In our previous study, we reported that stepping with DTTRLM in combination with FES improved walking speed and the Modified Ashworth Scale score for the paralyzed quadriceps muscle20). However, in the current study, while walking speed improved with DTTRLM alone (without FES), no effect on the Modified Ashworth Scale scores for the same muscles was observed. These results contradict the results of a previous study incorporating 41 chronic stroke patients34). This previous study reported that the Modified Ashworth Scale score for the upper limb on the paralyzed side was significantly improved by 10 min of ergometer exercise on the non-paralyzed side34). Another study reported that the Modified Ashworth Scale scores for the hamstrings of eight patients with spastic cerebral palsy were significantly improved by 10 min of cycle ergometer exercise35). These different results may be because the Modified Ashworth Scale is an ordinal scale, with wide intervals between each level. Therefore, even if spasticity decreased slightly due to DTTRLM training in this study, it may not have been detected using the Modified Ashworth Scale. Apart from the Modified Ashworth Scale, the assessment of muscle tone in paralyzed muscles includes the Modified Tardieu Scale, Quality of Muscle Reaction, and clonus duration. Although these were not assessed in this study, these scales might have detected changes in the paralyzed muscles. In addition, the Modified Ashworth Scale was measured only for the paralyzed quadriceps muscle, and although DTTRLM training did not affect the Modified Ashworth Scale, it is possible that the Modified Ashworth Scale for other paralyzed muscles, which were not measured in this study, changed.
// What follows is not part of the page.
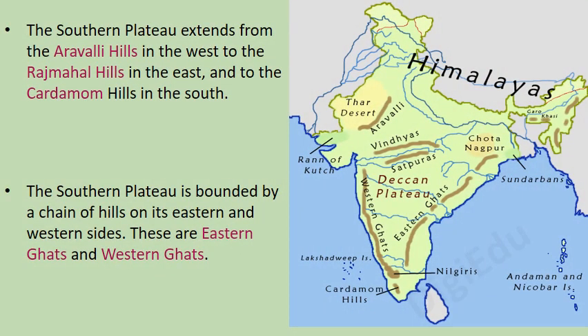The Southern Plateau extends from the Aravali Hills in the west to the Rajmahal Hills in the east and to the Cardamom Hills in the south. The Southern Plateau is bounded by a chain of hills on its eastern and western sides — these are the Eastern Ghats and Western Ghats.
This study has some limitations including 1) the small sample size; 2) lack of comparison with the effect of DTTRLM combined with FES; 3) lack of a control group with normal participants or patients with other neurological diseases; 4) inclusion of participants with mild spasticity; and 5) measurements of only the walking speed, cadence, and Modified Ashworth Scale of the paralyzed quadriceps muscle. To clarify the effects of the same protocol on the Modified Ashworth Scale for other paralyzed muscles and the immediate and long-term effects of DTTRLM in patients with stroke, an intervention study with additional muscles measured for spasticity is needed.
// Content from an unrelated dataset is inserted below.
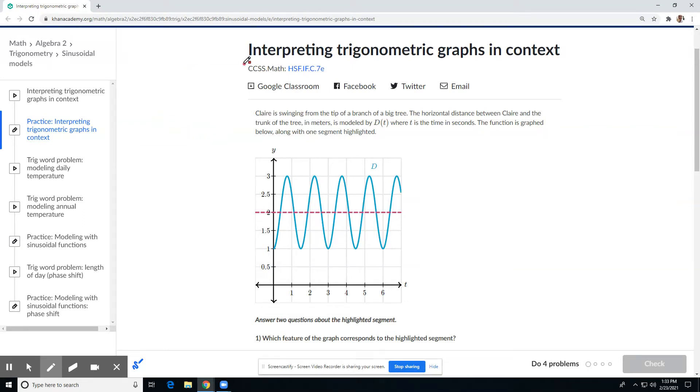We are interpreting trigonometric graphs in context. Claire is swinging from the tip of a branch of a big tree. The horizontal distance — left and right — between Claire and the trunk of the tree in meters is modeled by D of T, where T is time in seconds. The function is graphed below along with one segment highlighted.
In conclusion, a single 10-min session of bilateral lower limb exercise using DTTRLM without electrical stimulation improved gait speed and cadence in patients with chronic stroke. Therefore, DTTRLM training is considered to be a promising and effective method of pre-conditioning for patients with chronic stroke.

Conflict of interest

The authors declare no conflict of interest.

Acknowledgments

The authors thank the medical staff at the Nachikatsuura Balneologic Town Hospital for their assistance with data collection, especially Messrs. Shogo Okuji, Taiki Yanase, Keigo Shimizu, and Yukio Wada. We also thank Dr. Faiq G. Issa (Word-Medex Pty Ltd., Sydney, Australia; www.word-medex.com.au) for English language editing.